敷地内には「The Barn Gallery」や「The Long Gallery」などのギャラリースペースもあり、レジデンス・アーティストたちの作品が展示・販売されています。旅の記念に、世界に一つだけのアート作品を手に入れるのも素敵です。ここで作られたジュエリーや陶芸品は、まるでモンサルヴァットの空気を閉じ込めたかのようで、一つひとつ見るたびにこの場所の記憶を呼び起こしてくれます。
【トリビア④】壁に隠れた遊び心を探そう
モンサルヴァットを散策するときは、ぜひ上も下も隅々まで目を凝らしてみてください。ヨルゲンセンとその仲間たちが残した遊び心豊かな細部があちこちに隠されています。
たとえば、建物の壁に動物の顔が彫られていたり、不思議な人面像がこちらを覗いていたり。石の間に美しい模様のタイルがアクセントとして施されている箇所もあります。これらは建築の効率性からは不要かもしれませんが、彼らは単に建物を作っていたのではなく、自分たちの「村」を愛情とユーモアで飾っていたのです。
こうした小さな発見は宝探しのような楽しさがあります。一つ見つけるたびに、当時のアーティストたちの笑い声が聞こえてくるような気がしてきます。もし誰かと訪れたなら、「あ、こんなところに!」と笑い合いながら小さな発見を楽しんだことでしょう。

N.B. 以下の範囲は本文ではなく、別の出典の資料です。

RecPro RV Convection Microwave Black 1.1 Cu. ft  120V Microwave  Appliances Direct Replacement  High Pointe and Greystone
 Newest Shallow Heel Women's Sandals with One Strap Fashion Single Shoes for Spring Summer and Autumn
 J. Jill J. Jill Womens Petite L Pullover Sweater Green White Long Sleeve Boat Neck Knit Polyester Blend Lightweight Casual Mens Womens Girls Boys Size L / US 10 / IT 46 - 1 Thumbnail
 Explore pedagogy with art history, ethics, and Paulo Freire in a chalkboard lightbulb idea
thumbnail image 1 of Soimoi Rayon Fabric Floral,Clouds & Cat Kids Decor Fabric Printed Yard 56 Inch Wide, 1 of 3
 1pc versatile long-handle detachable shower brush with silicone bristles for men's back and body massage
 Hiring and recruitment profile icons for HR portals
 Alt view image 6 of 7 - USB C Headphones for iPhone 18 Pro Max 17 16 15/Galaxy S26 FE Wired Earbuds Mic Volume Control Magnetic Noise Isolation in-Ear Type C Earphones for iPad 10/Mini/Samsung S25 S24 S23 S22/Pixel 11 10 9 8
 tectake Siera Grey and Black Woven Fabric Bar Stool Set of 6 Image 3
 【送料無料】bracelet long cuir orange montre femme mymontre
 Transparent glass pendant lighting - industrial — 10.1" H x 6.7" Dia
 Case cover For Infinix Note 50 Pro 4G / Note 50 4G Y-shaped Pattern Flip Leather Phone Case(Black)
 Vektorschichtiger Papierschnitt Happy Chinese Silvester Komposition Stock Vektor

ひとりでじっくり探すも良し、誰かと競うように見つけ合うもよし、それこそがこの村の楽しみ方の一つなのです。
モンサルヴァットの「今」。息づくアートとコミュニティ

1934年の創立から90年近くが経過した現在も、モンサルヴァットは単なる過去の遺産として保存されているわけではありません。創設者ヨルゲンセンの願い通り、ここは常に新たな創造のエネルギーが息づく場所であり続けています。
年間を通じて、多彩なアート関連のイベントが開催されています。国内外からアーティストを招くレジデンス・プログラム、誰でも参加できる絵画や陶芸のワークショップ、さらに大広間やチャペルを舞台にしたクラシックコンサートやジャズライブが催されます。中でも夏の夜に行われる野外シネマは、幻想的な雰囲気の中で映画を楽しむことができる人気の催しです。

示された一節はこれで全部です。